I am still trying to figure out why people want a different system other than strait averages.  Why do number of reviews matter?  Just because more people review a product doesn't mean it is a better project.  I see the whole case for needing 7 reviews to make the top boards, but I really don't like that either.  While requiring 7 reviews makes sense, nothing was done for those with less than 7 reviews, like a board for the top products that don't have that many votes yet.  Something like products to watch, especially in the adventure area, where fewer people own the adventure (because of sheer numbers and how many people use pre made adventures) and thus there are less reviews.
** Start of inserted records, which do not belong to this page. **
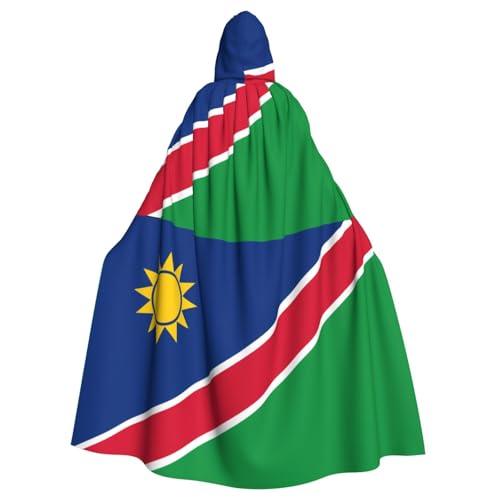 DLXW Flagge von Namibia Erwachsenen-Kapuzenumhang – 100% Polyester, bequem und langlebig, perfekt für Halloween, Cosplay, Kostümpartys, Bühnenauftritte von DLXW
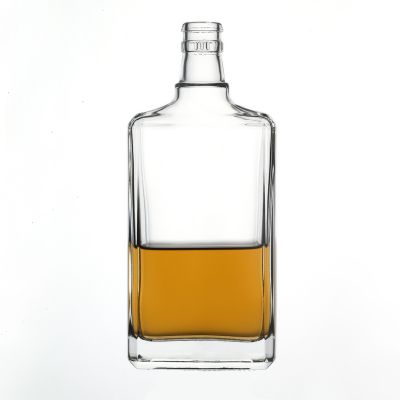 Wholesale High Quality Clear Flint Square Customize 450ml Glass Bottle for Liquor 
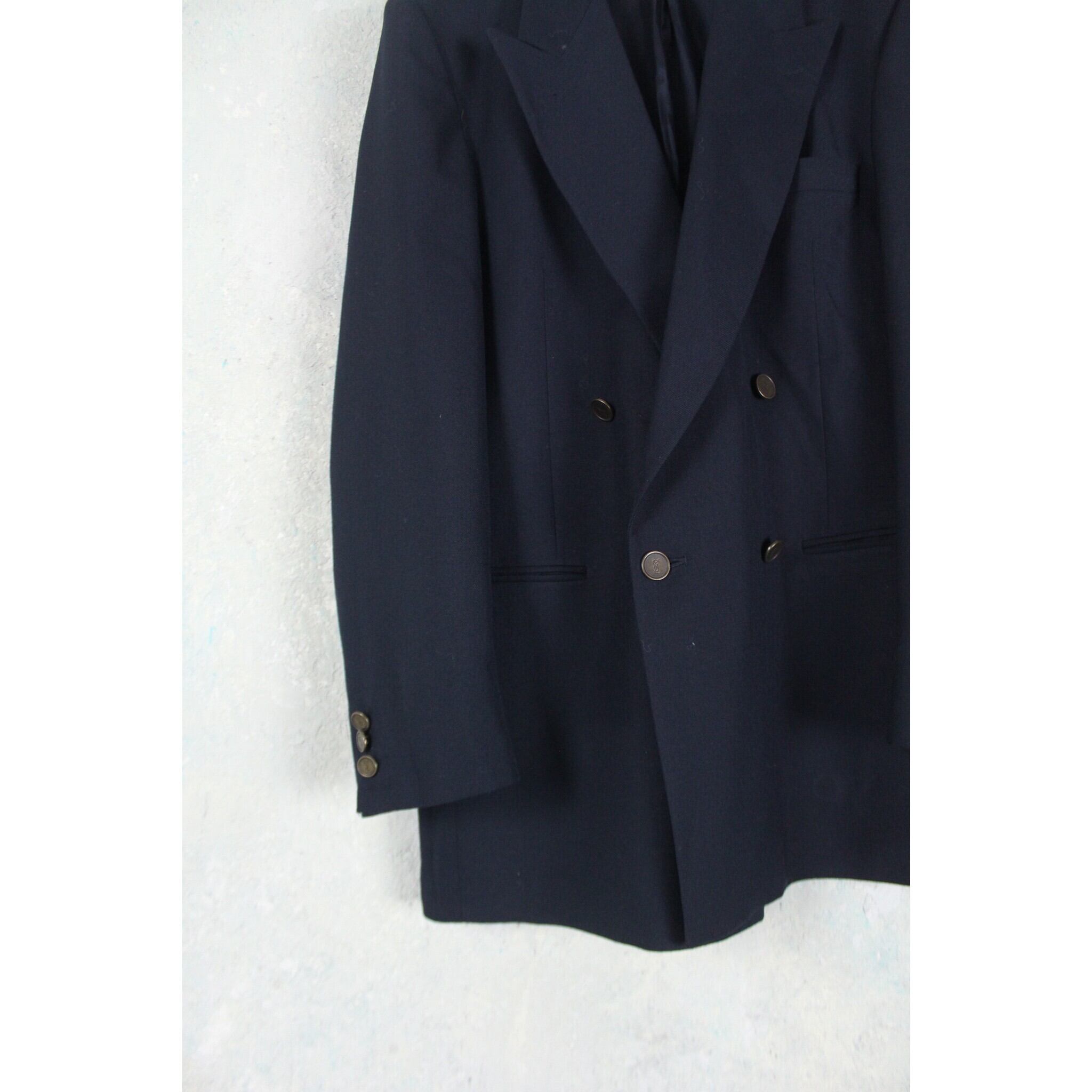 Yves Saint Laurent フランス製 ウールギャバジン ダブルテーラード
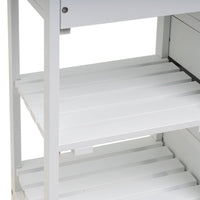 Carro de cocina de madera de pino blanco con 3 cajones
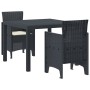 Conjunto de Comedor de Jardín 3 pcs Antracita Ratan Polt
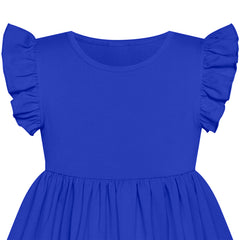 Girls Dress Classic Blue Casual Cotton Flying Sleeve Balloon Size 3-7 Years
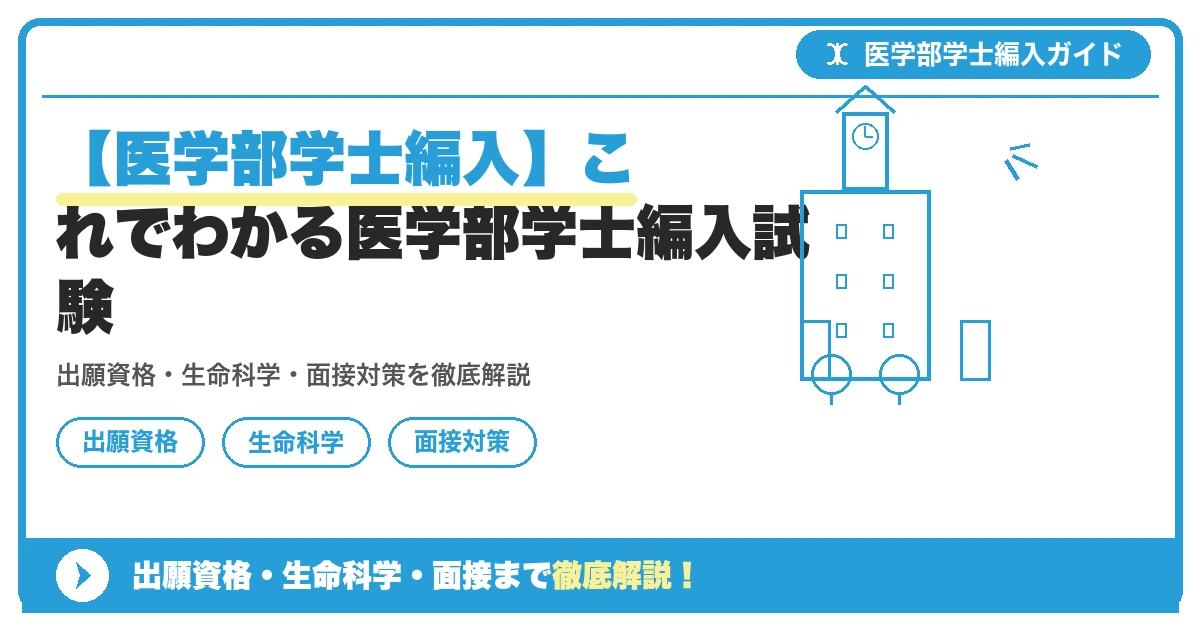 【医学部学士編入】これでわかる医学部学士編入試験の記事アイキャッチ画像。医学部学士編入対策の出願資格・試験科目・対策を示す図解。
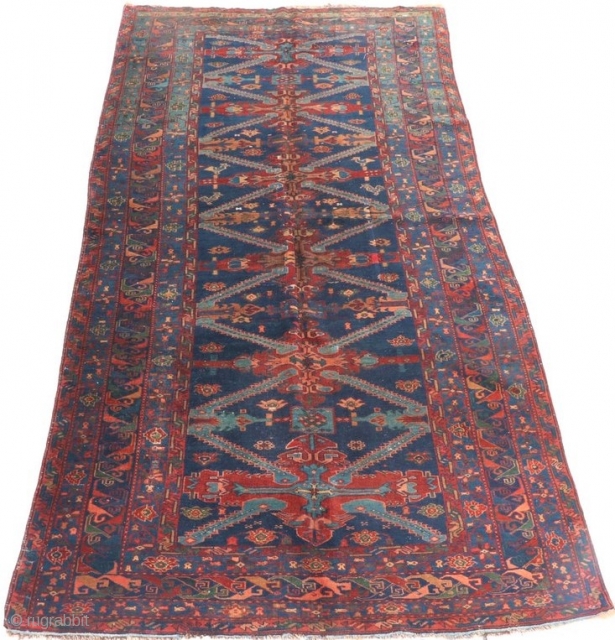 Antique Caucasian Kuba Seychour long rug, circa 1890-1910.  5'2" by 10'5".  Some old reweaves in the center.  Very reasonably priced.          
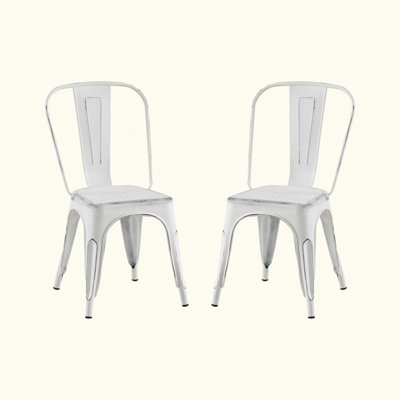 Set Of 2 Industrial Metal Dining Chairs 18 Inch Seat Height Stackable,  Indoor Outdoor, Lightweight Easy-Clean Surface, Easy Assembly, Durable Modern Design, For Kitchen Cafe Bar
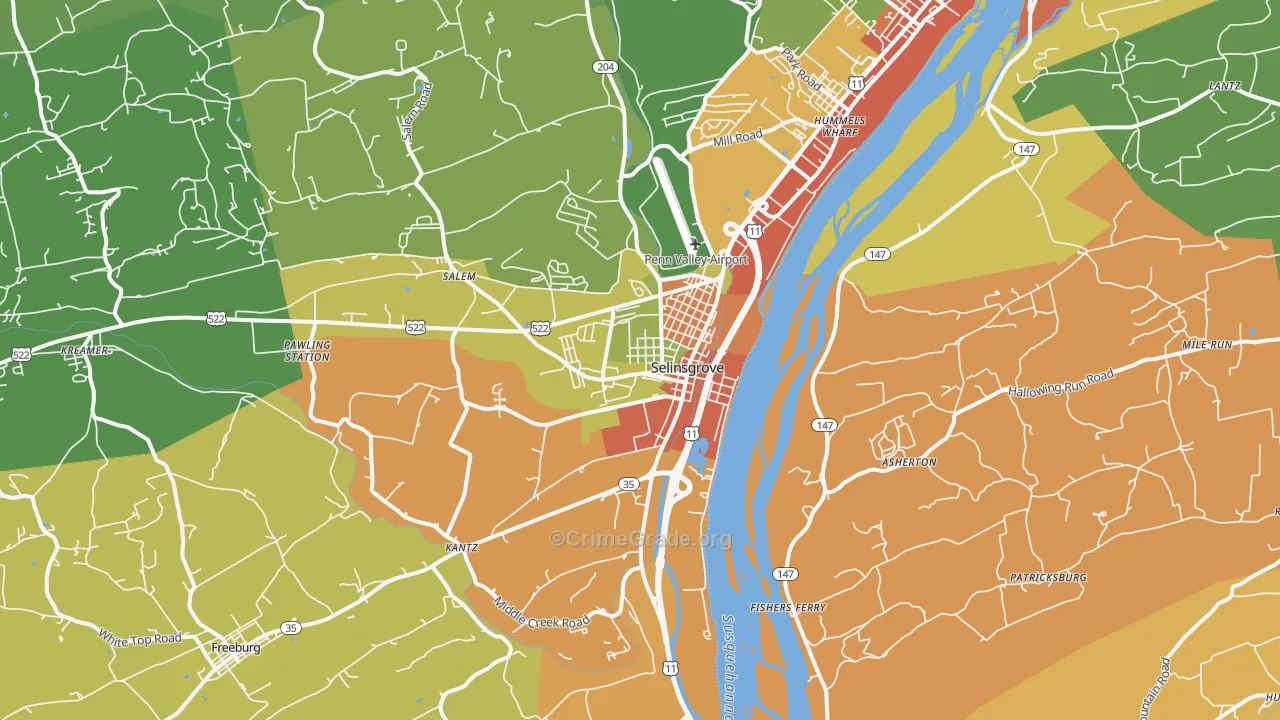 Dogtown, Selinsgrove, PA Map of Drug-Related Crime Rates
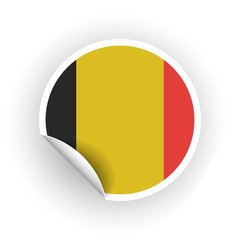 Sticker of Belgium flag with peel off corner isolated on white background. Paper banner or circle curl label sticker with flip edge. Vector color post note for advertising design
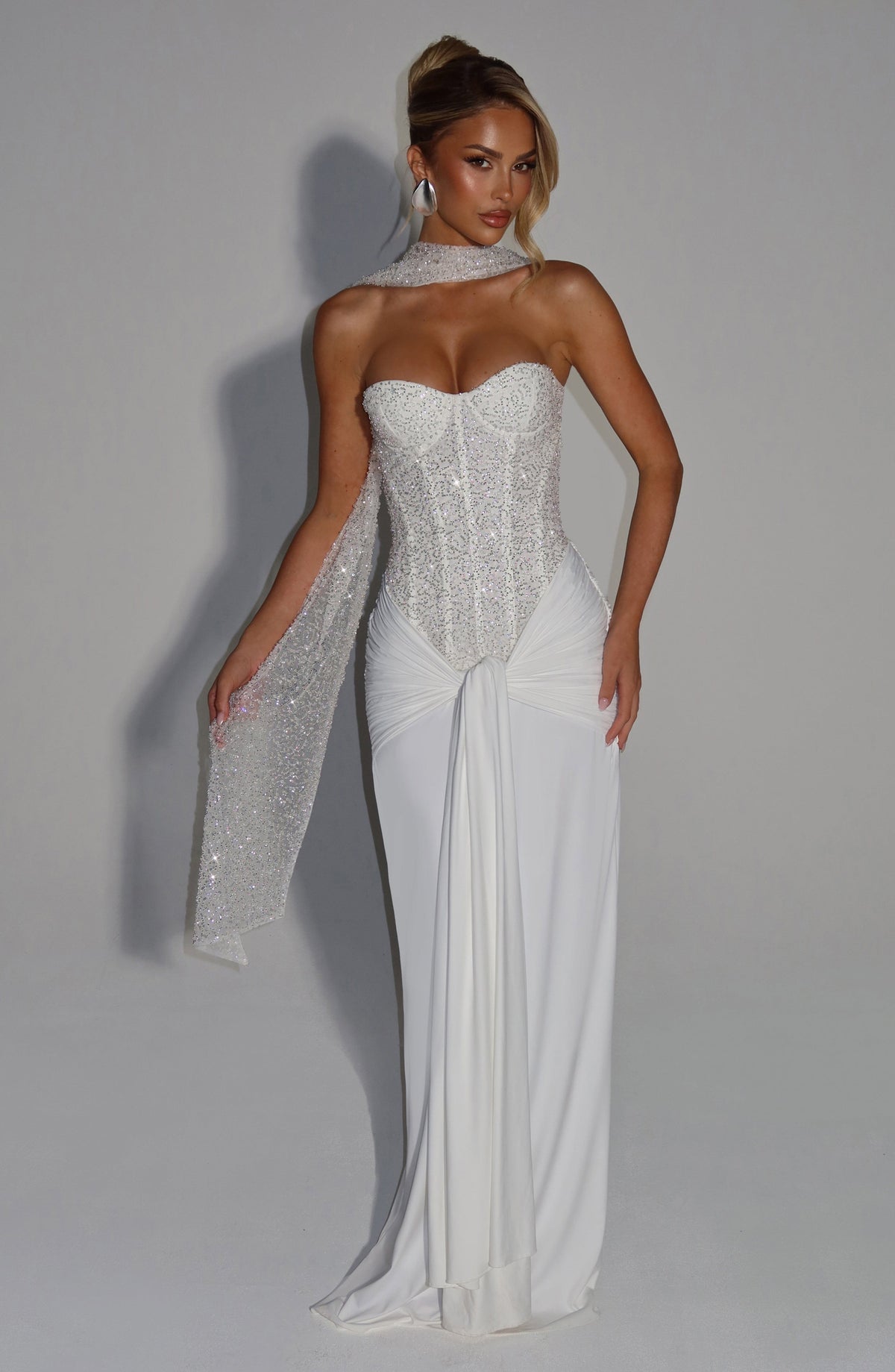 Carina Maxi Elbise - Fildişi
To be honest, I never really liked the set up of the reviews page.  Its great if you want to buy the hottest products, or already know what you want to look up, but what about for finding a product you never heard of?  Personally, I would prefer a full list of products or a few full lists of different types of products, based on the scores of those products.  That would make finding new products easier for me at least, instead of having to look through each publisher.

Just my thoughts on the whole reviews area, don't know if anyone else feels the same way.

Just my thoughts on the whole reviews area, don't know if anyone else feels the same way.


----------



## KDLadage (Feb 3, 2002)

*...hmmm another thought...*

What about something like this:

*(MEAN * MODE) / 3*

Mean would have a mid-point of 3.

Mode would also have a mid-point of 3.

Thus, a product with a mean and mode of 3 each would have a rating of 3.00

However, the use of MODE in the equation would keep a single outlier from shifting the equation too much. _In the case of a product with multiple modes, the average of the modes would be used..._


----------



## CRGreathouse (Feb 3, 2002)

*Re: ...hmmm another thought...*



			
				KDLadage said:
			
		

> *What about something like this:
> 
> (MEAN * MODE) / 3
> 
> ...




Why mode instead of median?  Median tends to be much more meaningful...  5 votes for 3, 4 botes for 4, and 3 votes for 5 is closer to 4 (median) than 3 (mode).

Second, (Mean*Mode)/3 is less meaningful than Sqr(Mean*Mode), the geometric mean.  In fact, Sqr(Mean*Median) is even more meaningful...

Still, none of this is likely to matter, because I doubt the exact scores were kept, in favor of a "running total" as Psi stated.  Thus, median and mode are *gone*.


----------



## KDLadage (Feb 3, 2002)

Median is more meaningful, and I think you are right about using the geometric SQR(MEAN*MEDIAN)
 Since I can revise my vote, and it recalls what my old vote was, the information is still in the database...


----------



## CRGreathouse (Feb 4, 2002)

KDLadage said:
			
		

> *Since I can revise my vote, and it recalls what my old vote was, the information is still in the database...*




Cool.  OK, then, if Morrus likes the system, it's all ready, as far as I can see.


----------



## Morrus (Feb 4, 2002)

CRGreathouse said:
			
		

> *
> 
> Cool.  OK, then, if Morrus likes the system, it's all ready, as far as I can see. *




I still don't understand it... 

I get the mechanics of it - and could perform the calculation no problem.  I don't get the logic behind using it, though (although I'm sure your logic is sound). 

Can someone explain how it works, and its benefits, in layman's terms?


----------



## praetorian (Feb 4, 2002)

I don't know exactly, but running it on a few items, the scores are fairly close to just the mean.  I think the main purpose is to give the consistancy of the reveiws a slight importance.  If you have a 3 given to a product with lots of 4s and 5s, or a product that gets a 4 while having mostly 2s and 3s, that extreme reveiw gets less influence, because while the mean dropped because of it, in most cases the median did not.

I have one really bad gripe though.  The Forge of Fury as the tenth worst product, with a 3.78.  Thats a very good rating considering the 10th best products are weighing in around 4.0.  Is seven reveiws really the right number, especially for worst products?  I mean, how many people are going to buy a product with a 2 rating and reveiw it, I doubt 7 people.  I don't know, but 5 reviews seems a better number to me.


----------



## CRGreathouse (Feb 4, 2002)

Morrus said:
			
		

> *Can someone explain how it works, and its benefits, in layman's terms? *




It decreases the effect of a single extreme vote, while still letting it count for something.  Example:

Votes: 3, 3, 3, 4, 4, 4, 4, 4, 5, 5
Old method: 3.90
New method: 3.95

Votes: 1, 3, 3, 3, 4, 4, 4, 4, 4, 5, 5 (same, with an extra vote of 1)
Old method: 3.64
New method: 3.81

When the votes are close (as in the first example), the two methods have similar results, but when one stray vote is included, this proposed method minimizes its effect on the total score.  This works both ways - a stray high vote is also minimized.

All of this is transparent to the user; the new method is still an average, though not a "typical" average.  The results are i the same range as the original vote.


----------